The Executive Director of the Cocoa Research Institute of Ghana (CRIG), Dr. Francis Padi, has justified the contribution of cocoa farming towards promoting agroforestry and carbon footprint reduction in Africa and beyond. 

Dr. Padi disclosed this during a working visit of a team of officials from the European Union (EU) responsible for monitoring the implementation of trade and environmental regulations.

He explained that since its inception in 1938, CRIG has extensively researched into cocoa, alongside tree crops like coffee, shea, cashew and cola; and provided impressive findings that have supported the cultivation of cocoa in a socially and environmentally sustainable manner in the country. 

He indicated that as a research institute specialised in agronomy, entomology, plant breeding, pathology and new products development; the institute’s core mandate focuses primarily on the integration of agroforestry in mainstream cocoa farming with the overall goal of ensuring sustainable use of the ecosystem.

‘Satellite images of Ghana support the massive contribution of cocoa farming to agroforestry because cocoa farming drives a number of environmental co-benefits, significantly sequestration carbon emissions. When you view these satellite images, you realise that most of the areas covered with greenery, are areas where cocoa farming is rife and in such zones, eco-tourism is said to thrive and promote biodiversity’, he said.

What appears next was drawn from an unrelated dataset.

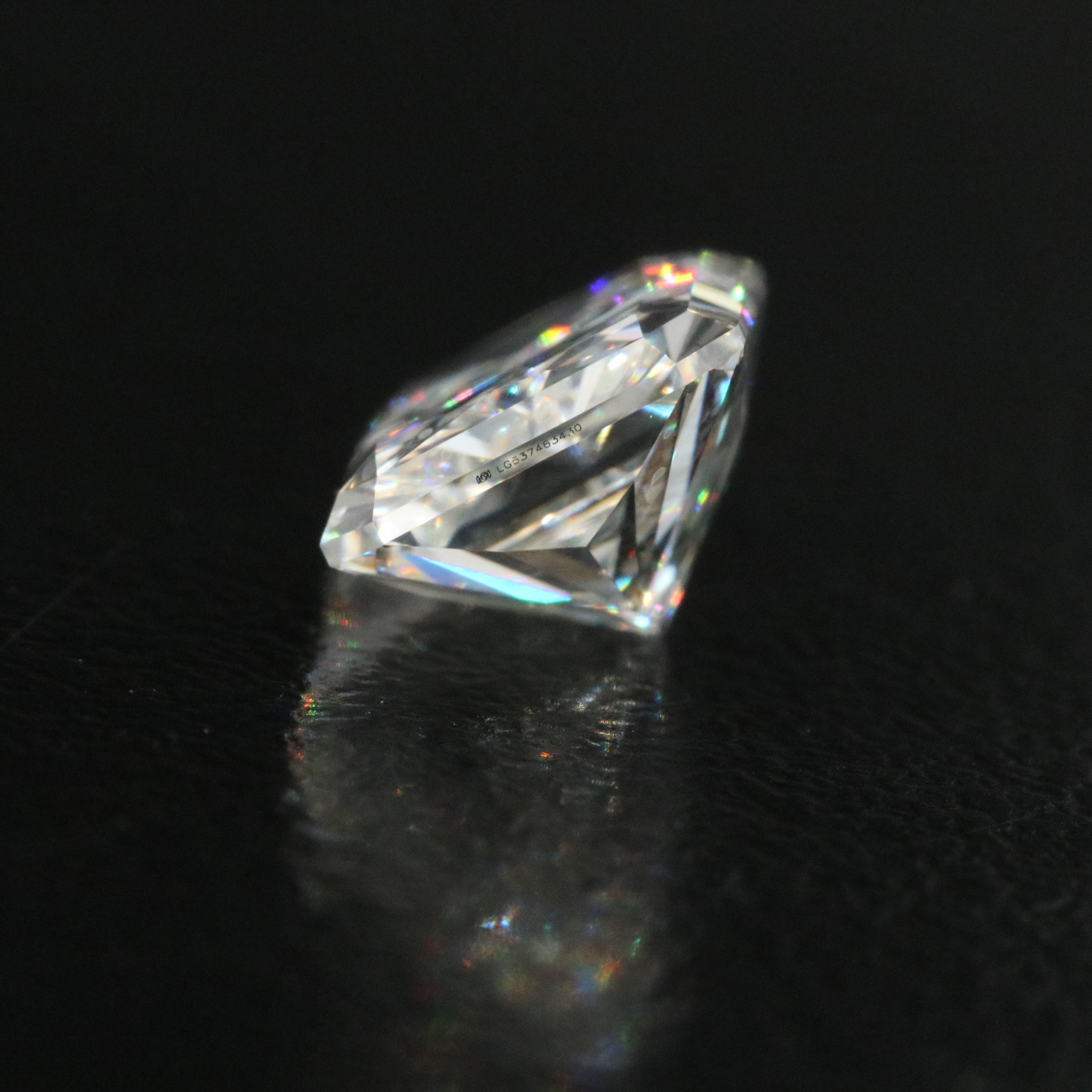 Loose 2.21 CT Lab Grown Diamond with IGI Report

The CRIG boss said his outfit would continue to influence the implementation of good agronomic practices through farmer sensitisation to help farmers to improve productivity levels while promoting high quality of cocoa beans that meet international standards.

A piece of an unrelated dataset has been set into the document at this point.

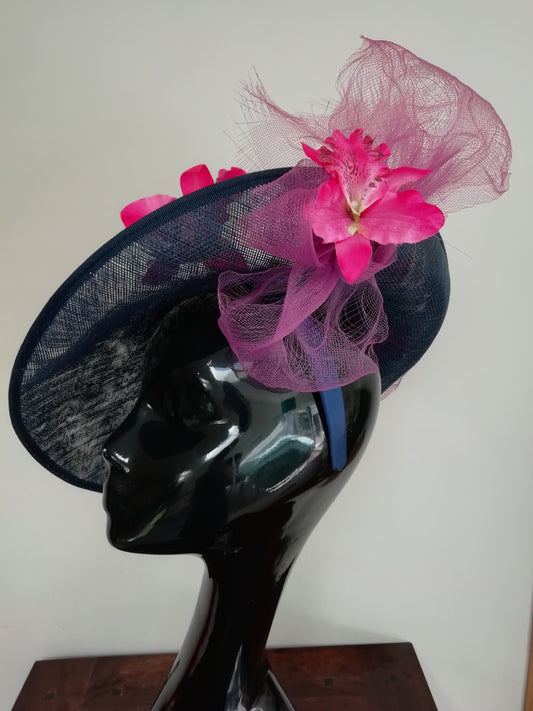 Orchid dream large saucer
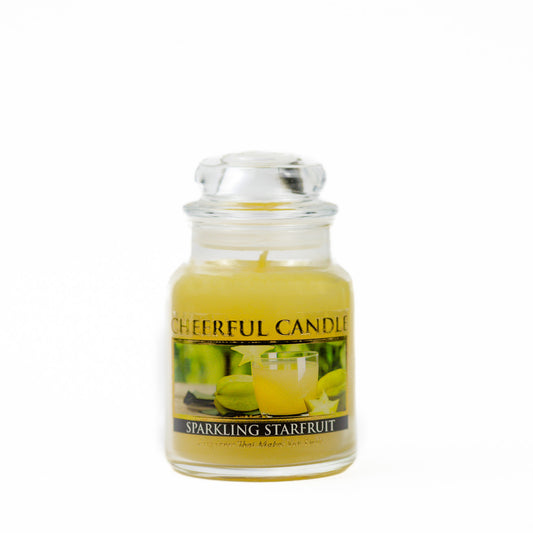 Sparkling Starfruit - 6 oz Cheerful Candle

Mr Regis Neritan, leader of the EU delegation, commended the institute for its groundbreaking research and innovation laurels. He said COCOBOD has a commendable strategy for cocoa sustainability that deserves to be showcased to major stakeholders and international legislators for consideration when making laws that affect the welfare of cocoa producers.

Mr Neritan expressed the EU's is readiness to support in the issue of fair pricing if Ghana and Ivory Coast through the Ghana Cote d’Ivoire Cocoa Initiative  are able to provide accurate data on their social and environmental sustainability strides to support a valid case for increased cocoa pricing on the international market.

He reiterated the need for enhanced dialogue and consultations to help make COCOBOD's sustainability strategy more relevant to international policy. 

The delegation used the opportunity to tour selected CRIG cocoa farms to acquaint themselves with some field activities. Other facilities of the institute were also toured by the team.